Esa sempiterna felicidad no puede esconder, sin embargo, una realidad cruda, un día a día donde cientos de niños deambulan por las calles explotados por mafias locales que les obligan a vender frutas y dulces a los turistas. Un animoso estado de ánimo que no impide que los enfermos se hacinen en las puertas de unos consultorios donde no hay oxígeno para todos, donde las ratas caminan a sus anchas y la privacidad es algo que ni se contempla.

Porque esta Camboya, la que dista sólo unos pocos kilómetros de Phnom Penh, vive en un continuo ‘flashback’, un encuentro con el pasado más lúgubre, con esa España que para mi generación quedó medio siglo atrás. Entonces, como aquí ahora, la gente sólo se preocupaba por llevarse algo caliente a la boca, y cosas tan elementales como propiciar una educación a los hijos era un lujo sólo al alcance de una selecta minoría. Aun así, y tímidamente, Camboya está experimentando su propia revolución de los 60. Los jóvenes defienden un estilo de vida diferente al que tienen y tuvieron que aceptar sus padres y abuelos. Los que pueden, e incluso los que no, visten a la moda, salen con quien quieren (incluso de su mismo sexo, algo impensable hace años) y se recogen a altas horas de la madrugada. Atrás quedó el trabajo sacrificado en los campos y la sumisión a un sistema del que todos recelan aunque no luchen por cambiarlo.

Pese a todo, siguen siendo la gran esperanza del país, fundamentalmente porque son mayoría, ya que el 40% de la población es menor de 16 años. En sus manos está que la corrupta clase política los tenga en cuenta, que los escuche y valore sus propuestas. Principalmente las de aquellos chicos que, en el ámbito rural, compaginan sus estudios con el sudor de los arados y la humedad de los arrozales.
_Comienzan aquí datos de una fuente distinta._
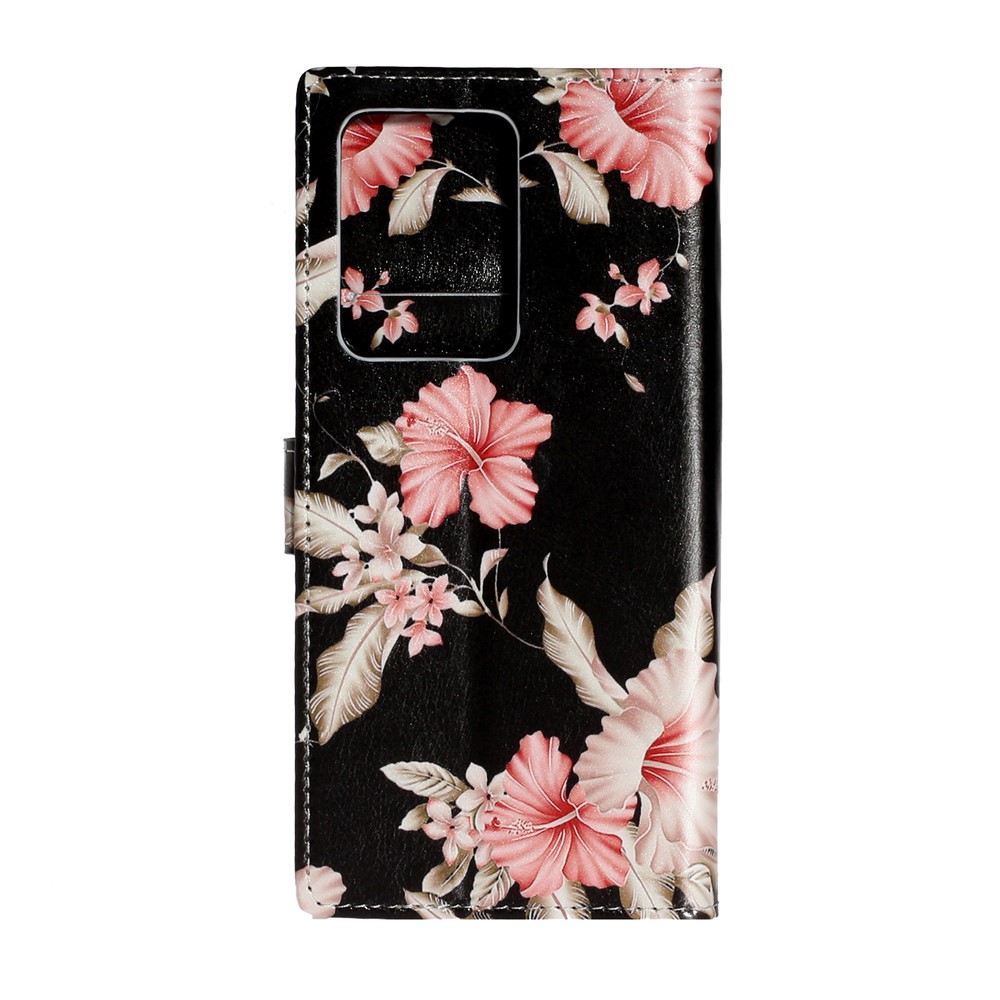 Pattern Printing Magnetic Leather Wallet Cover Phone Case for Samsung Galaxy S20 Plus/S20 Plus 5G - Pink Flower-4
Sea como fuere, vale la pena escapar por unos días del caos de la capital, del frenesí de sus avenidas, de la pomposidad de sus hoteles y restaurantes de lujo. Es casi una obligación montarte en un autobús durante siete horas para recorrer sólo 100 kilómetros; atravesar baches y fango tras una descarga del monzón; contemplar el imponente Mekong a su paso por Kratie, Kompong Cham y Stung Treng; sumergirse en palmeras de azúcar, históricas pagodas y pintorescas ruinas en Mondulkiri y Ratanakiri. Es necesario abrir el corazón a un pueblo castigado que nunca perdió su sonrisa. Es maravilloso poder descubrir que Camboya sigue viva gracias a sus provincias.